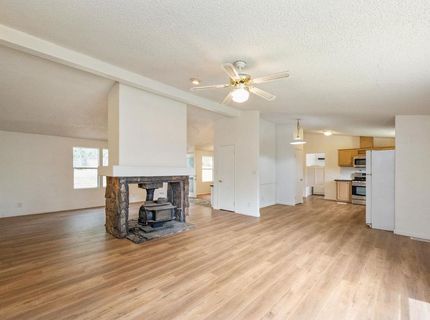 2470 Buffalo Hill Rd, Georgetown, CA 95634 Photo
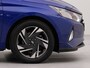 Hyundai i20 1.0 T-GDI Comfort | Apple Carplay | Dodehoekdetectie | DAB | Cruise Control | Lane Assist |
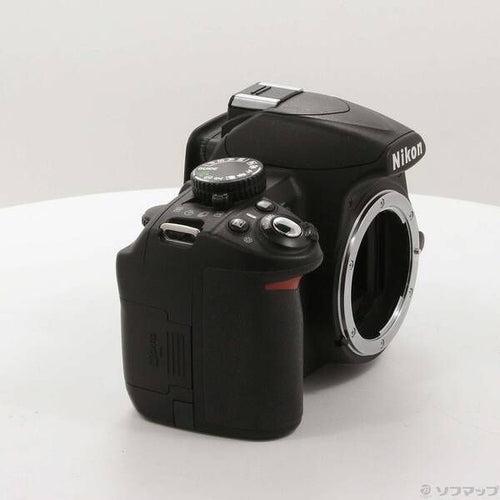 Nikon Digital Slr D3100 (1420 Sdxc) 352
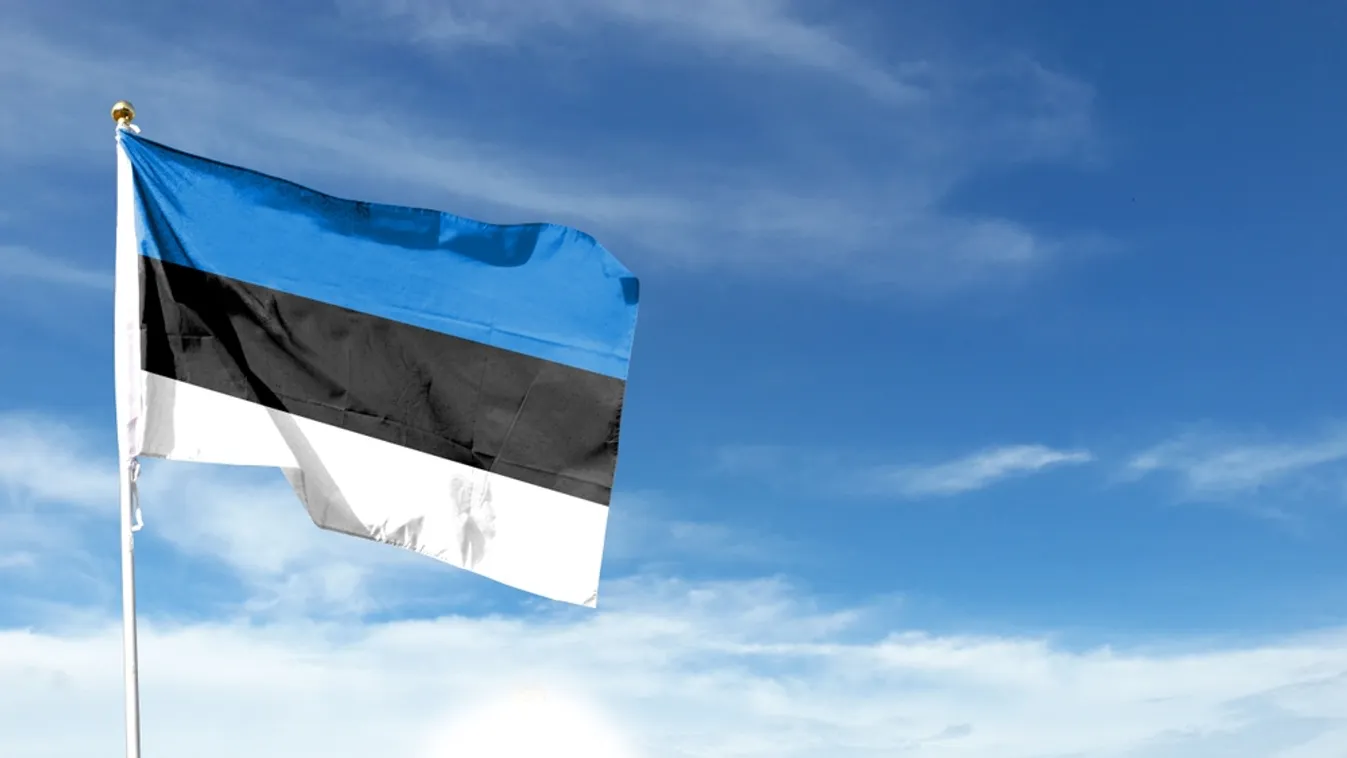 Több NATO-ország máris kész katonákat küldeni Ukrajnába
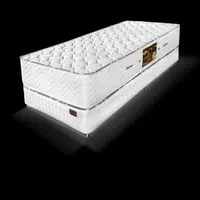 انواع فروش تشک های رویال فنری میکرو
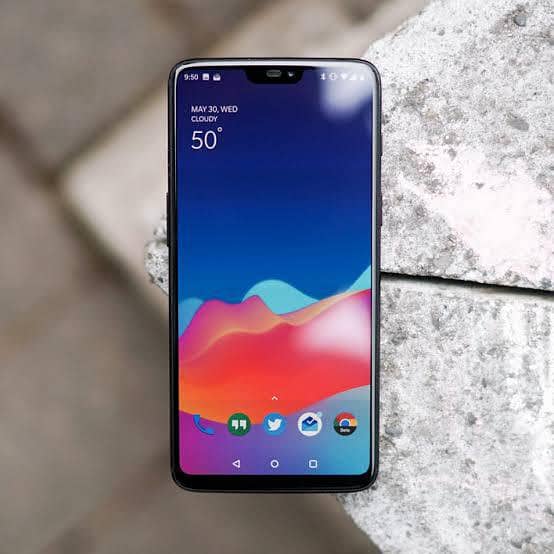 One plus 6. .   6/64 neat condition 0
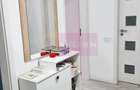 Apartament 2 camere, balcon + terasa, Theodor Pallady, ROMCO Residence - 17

# What to do
With the pictures left out, copy exactly the lines above from the line containing "Hyundai i20 1.0" through the last line of the entries.

# Response to the exercise
 Hyundai i20 1.0 T-GDI Comfort | Apple Carplay | Dodehoekdetectie | DAB | Cruise Control | Lane Assist |
 Nikon Digital Slr D3100 (1420 Sdxc) 352
 Több NATO-ország máris kész katonákat küldeni Ukrajnába
 انواع فروش تشک های رویال فنری میکرو
 One plus 6. .   6/64 neat condition 0
 Apartament 2 camere, balcon + terasa, Theodor Pallady, ROMCO Residence - 17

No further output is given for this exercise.